(Beginning of RECORDS FOR THIS EXERCISE)

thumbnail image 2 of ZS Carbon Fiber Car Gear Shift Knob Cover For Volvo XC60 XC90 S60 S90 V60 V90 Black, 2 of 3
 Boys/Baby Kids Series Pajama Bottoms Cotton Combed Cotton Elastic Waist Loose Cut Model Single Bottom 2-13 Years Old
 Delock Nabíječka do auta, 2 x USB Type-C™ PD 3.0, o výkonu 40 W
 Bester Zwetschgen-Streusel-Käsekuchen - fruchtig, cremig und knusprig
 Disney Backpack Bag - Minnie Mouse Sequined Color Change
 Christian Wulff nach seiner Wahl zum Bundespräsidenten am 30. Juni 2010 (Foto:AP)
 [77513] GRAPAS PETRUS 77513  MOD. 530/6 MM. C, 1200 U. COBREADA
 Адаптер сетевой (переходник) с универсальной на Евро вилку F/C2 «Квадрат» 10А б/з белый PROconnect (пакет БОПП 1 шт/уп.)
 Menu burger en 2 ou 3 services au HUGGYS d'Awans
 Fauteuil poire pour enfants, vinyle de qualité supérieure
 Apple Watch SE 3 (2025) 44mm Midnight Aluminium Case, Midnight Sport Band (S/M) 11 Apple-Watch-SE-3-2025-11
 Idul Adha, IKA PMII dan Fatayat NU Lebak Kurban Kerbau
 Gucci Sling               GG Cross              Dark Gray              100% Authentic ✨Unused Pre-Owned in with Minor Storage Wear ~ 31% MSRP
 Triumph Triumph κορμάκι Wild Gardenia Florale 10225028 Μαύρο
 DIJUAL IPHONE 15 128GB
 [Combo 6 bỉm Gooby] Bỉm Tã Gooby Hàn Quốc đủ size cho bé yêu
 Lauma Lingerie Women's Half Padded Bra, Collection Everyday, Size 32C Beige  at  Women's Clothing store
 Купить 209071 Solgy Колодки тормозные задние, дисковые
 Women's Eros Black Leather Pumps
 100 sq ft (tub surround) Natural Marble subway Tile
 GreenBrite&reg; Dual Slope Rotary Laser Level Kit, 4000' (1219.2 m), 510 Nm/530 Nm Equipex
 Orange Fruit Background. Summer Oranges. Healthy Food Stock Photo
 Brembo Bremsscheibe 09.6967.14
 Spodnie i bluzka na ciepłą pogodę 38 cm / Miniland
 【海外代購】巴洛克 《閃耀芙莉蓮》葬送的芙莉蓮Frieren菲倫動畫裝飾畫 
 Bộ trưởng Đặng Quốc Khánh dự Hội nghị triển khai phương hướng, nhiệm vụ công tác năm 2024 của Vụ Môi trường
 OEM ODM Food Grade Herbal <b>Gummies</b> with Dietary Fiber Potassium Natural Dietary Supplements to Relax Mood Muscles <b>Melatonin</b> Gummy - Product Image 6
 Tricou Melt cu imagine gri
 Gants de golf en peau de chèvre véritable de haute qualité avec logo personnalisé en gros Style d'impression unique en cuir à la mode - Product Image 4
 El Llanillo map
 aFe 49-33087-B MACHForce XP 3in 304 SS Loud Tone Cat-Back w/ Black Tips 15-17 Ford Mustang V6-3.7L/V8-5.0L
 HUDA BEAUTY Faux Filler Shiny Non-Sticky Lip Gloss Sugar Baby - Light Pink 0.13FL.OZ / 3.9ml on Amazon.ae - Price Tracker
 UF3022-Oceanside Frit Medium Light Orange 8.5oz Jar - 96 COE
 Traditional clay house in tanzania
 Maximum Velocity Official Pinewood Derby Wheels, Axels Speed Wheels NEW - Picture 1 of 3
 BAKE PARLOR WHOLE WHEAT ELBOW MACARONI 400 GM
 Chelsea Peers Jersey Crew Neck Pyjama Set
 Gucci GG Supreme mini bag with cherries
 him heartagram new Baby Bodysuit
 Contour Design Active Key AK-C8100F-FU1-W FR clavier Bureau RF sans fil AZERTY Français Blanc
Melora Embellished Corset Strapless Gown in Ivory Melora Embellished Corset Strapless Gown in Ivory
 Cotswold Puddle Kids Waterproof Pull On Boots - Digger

(End of RECORDS FOR THIS EXERCISE)

WHAT IS REQUIRED — Lines holding "with": copy each one from the records above.

PROBLEM SOLUTION —
 Gucci Sling               GG Cross              Dark Gray              100% Authentic ✨Unused Pre-Owned in with Minor Storage Wear ~ 31% MSRP
 OEM ODM Food Grade Herbal <b>Gummies</b> with Dietary Fiber Potassium Natural Dietary Supplements to Relax Mood Muscles <b>Melatonin</b> Gummy - Product Image 6
 Gucci GG Supreme mini bag with cherries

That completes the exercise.